Giunti al quinto round, potremmo tentare un’estrazione per fuggire, o decidere di continuare per affrontare minacce sempre più terrificanti. La varietà dei nemici non è il punto di forza e tutto si gioca puntando sulla numerosità degli zombie schierati, ma tutto sommato questa modalità più veloce e semplificata si è rivelata divertente da affrontare con gli amici per quando si vuole fare una pausa dal multigiocatore.

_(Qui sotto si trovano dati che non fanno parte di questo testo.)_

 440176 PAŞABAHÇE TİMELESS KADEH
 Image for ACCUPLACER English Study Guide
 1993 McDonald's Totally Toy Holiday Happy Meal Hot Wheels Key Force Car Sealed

Questa scelta di lanciare il gioco con una sola modalità molto diversa dalla classica esperienza Zombi potrebbe dividere la community, mentre potrebbe attrarre nuove persone che fino a oggi si sono tenute un po’ distanti dalla carneficina di non morti a causa di una non sempre chiarezza negli obiettivi. Il percorso intrapreso da Treyarch per questa rivisitazione degli Zombi ci è sembrato comunque molto in linea con quanto mostrato con le modalità Epidemia e Carneficina.

Avremmo preferito che Vanguard venisse lanciato insieme a una modalità più corposa dal punto di vista della storia perché Der Anfang rischia di essere un’attività che si fa per far salire le armi di livello e poi si abbandona in fretta. Non possiamo valutare contenuti che non sono ancora disponibili, ma chiaramente siamo consapevoli che Zombi è destinata a espandersi nel corso delle stagioni.